XDR routines are direction-independent; that is, the same routines are called to serialize or deserialize data. This feature is important for portable data. Calling the same routine for either operation practically guarantees that serialized data can also be deserialized. Thus, one routine is used by both producer and consumer of networked data.

You implement direction independence by passing the address of an object rather than the object itself (only with deserialization is the object modified). If needed, the user can obtain the direction of the XDR operation. See Section A.1.5 for details.
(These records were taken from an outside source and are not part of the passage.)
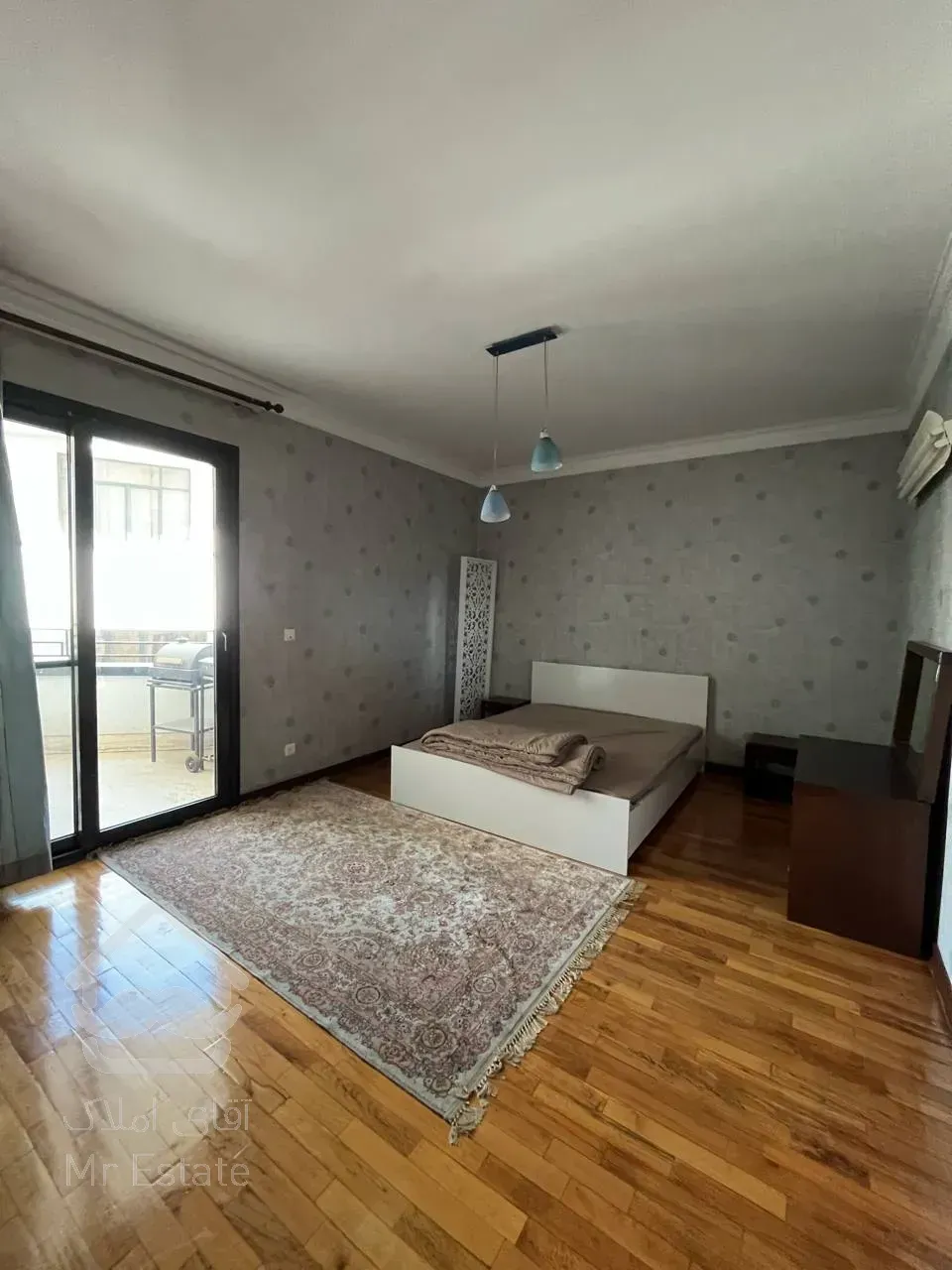 فروش برج باغ 250 متری در محمودیه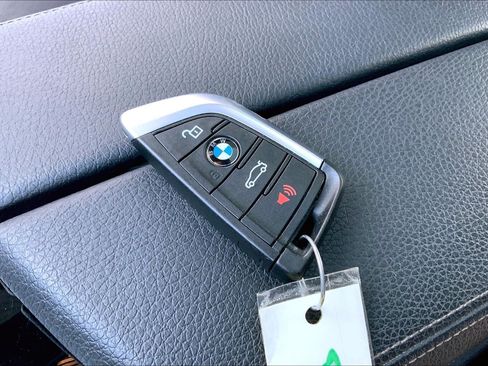 Used 2022 BMW 530i xDrive w/ Premium Package AWD/4WD image 19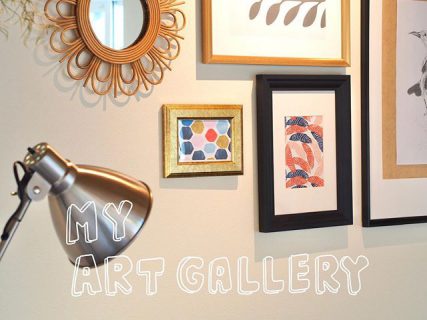 額の中身はスタッフのお気に入り﻿ ﻿ #おんなのこのスキをつめこんだお家 に合うデザインをセレクト﻿ ﻿ これも見てほしいポイント🌷﻿ ﻿ ﻿ ﻿ ﻿ Episode1﻿ #おんなのこのスキをつめこんだお家﻿ ﻿ ﻿ 女性設計士が設計を担当し﻿ 女性スタッフがコーディネートしたお家﻿ ﻿ ﻿ 『富士市富士見台にあるアルタナの別荘 @besso_altana から始まる物語』﻿ ﻿ ﻿ # KIBACO03 は十人十色に家が変化。﻿ ﻿ ﻿ ﻿ 次はどんなテーマのコーディネートにしようかな、とスタッフで考えています。﻿ ﻿ オールホワイトでシンプルなお家？﻿ グリーンをいっぱい置いたお家？﻿ 本に囲まれたお家？﻿ ﻿ ﻿ ﻿ ﻿ presented by ﻿ @livingd_works_daiichikensetsu ﻿ ﻿ ﻿ ﻿ ▽△ ▽△ ▽△ ▽△ ▽△ ▽△ ▽△ ▽△ ▽△ ▽△ ▽△ ▽△ ▽△﻿ ﻿ 1/18 Sat. 19 Sun ﻿ \KIBACO 03 OPEN HOUSE/﻿ ﻿ Place ﻿@besso_altana Time 10:00-16:00﻿ ﻿ 1/19 Sun \SUNDAY MARKET/﻿ ﻿ Place ﻿@besso_altana Time 10:00-15:00 (無くなり次第終了です)﻿ ﻿ ▽△ ▽△ ▽△ ▽△ ▽△ ▽△ ▽△ ▽△ ▽△ ▽△ ▽△ ▽△ ▽△﻿ ﻿ ﻿ ﻿ #静岡﻿ #富士市﻿ #富士見台﻿ #ロングライフデザイン﻿ #お家づくり﻿ #暮らし方﻿ #帰りたくなるお家﻿ #イベント﻿ #OPENHOUSE﻿ #SundayMarket﻿ ﻿ #アート﻿ #アート好き #アートのある暮らし ﻿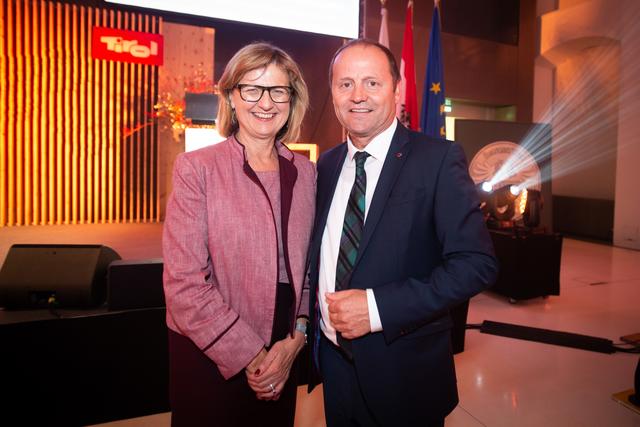 Tirols LHStv Josef Geisler konnte Österreichs Landwirtschaftsministerin Maria Patek beim Tirol-Empfang in Wien begrüßen. | Foto: Land Tirol/Karlovits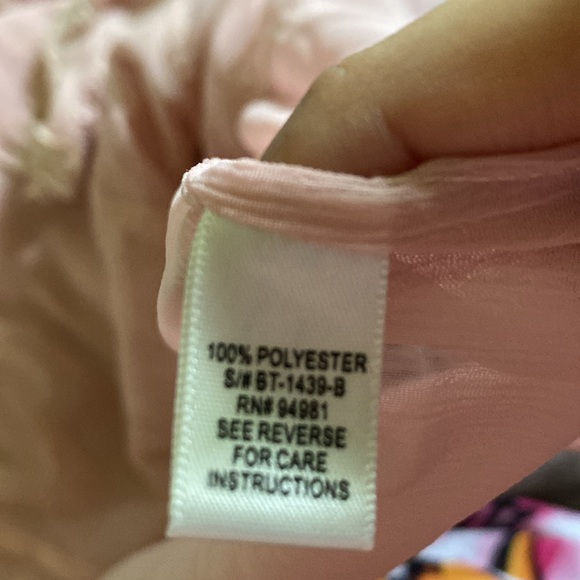 *SOLD** 🎀PINK LACE BLOUCE 🩰🎀 - Picture 6 of 9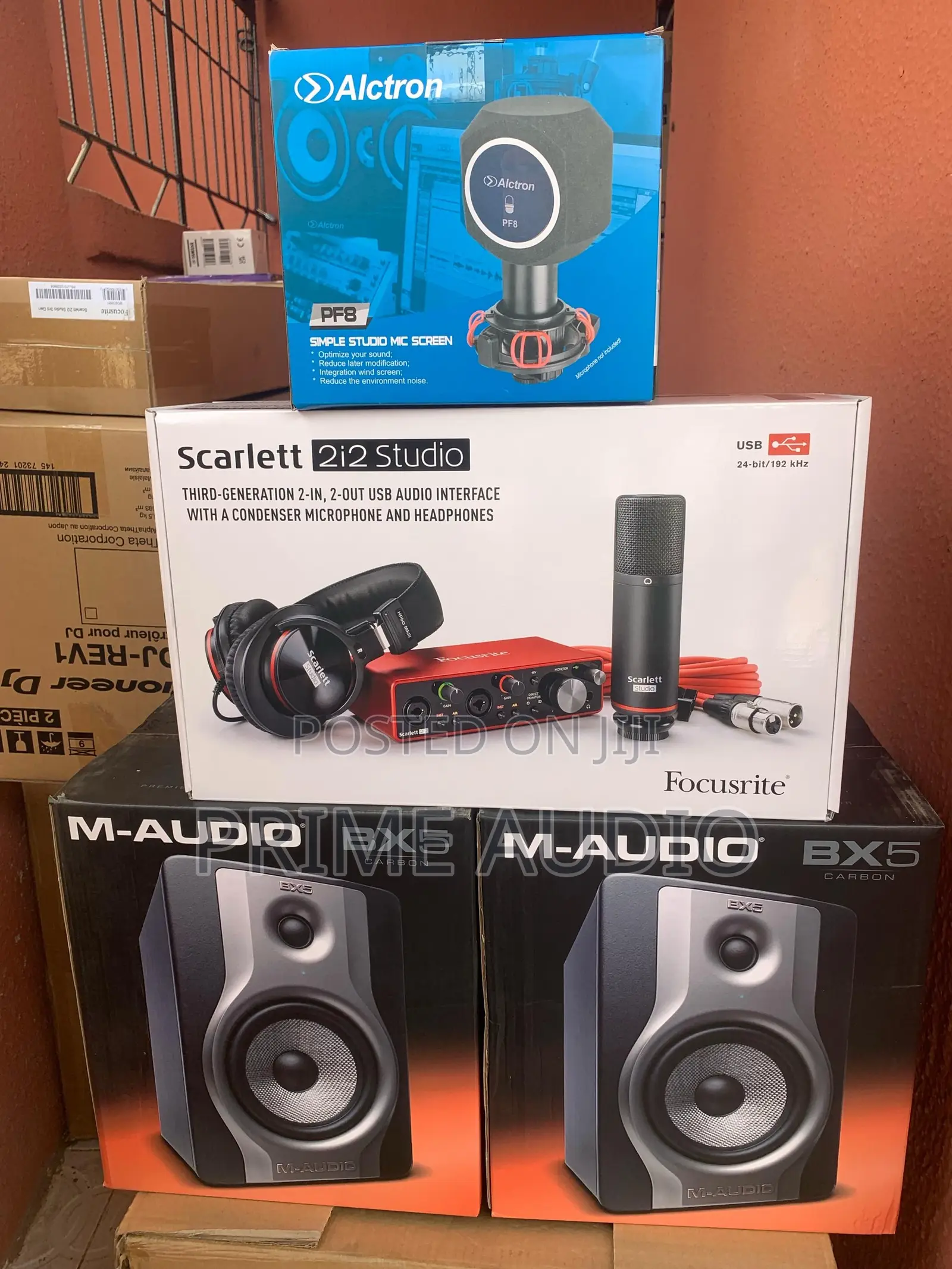 Focusrite Scarlett 2i2 Studio Pack With M-audio Bx5 Studio Monitor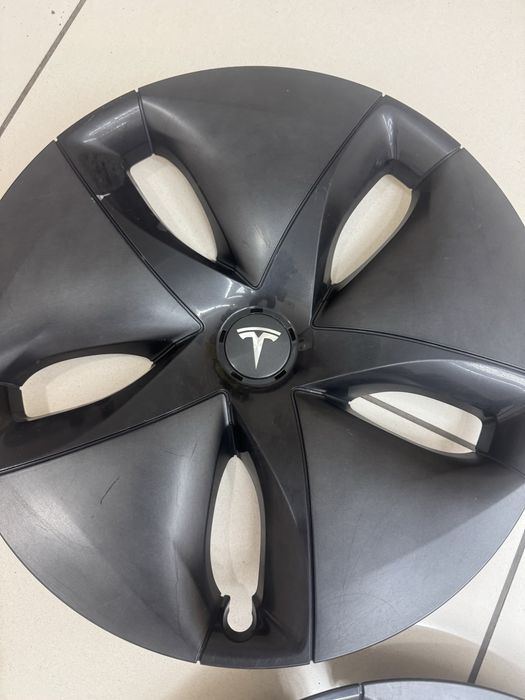 Продам оригінальні ковпаки Tesla Model 3 (R18), дорестайлінг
For a more complicated example, assume that a person's gross assets and liabilities are to be exchanged among processes, and each is a separate data type:

struct gnumbers {
	long g_assets;
	long g_liabilities;
};

The corresponding XDR routine describing this structure would be as follows:

bool_t  		/* TRUE is success, FALSE is failure */
xdr_gnumbers(xdrs, gp)
	XDR *xdrs;
	struct gnumbers *gp;
{
	if (xdr_long(xdrs, &gp->g_assets) &&
	    xdr_long(xdrs, &gp->g_liabilities))
		return(TRUE);
	return(FALSE);
}

In this example, the parameter, xdrs, is never inspected or modified; it is only passed to subcomponent routines. The program must inspect the return value of each XDR routine call and stop immediately and return FALSE upon subroutine failure.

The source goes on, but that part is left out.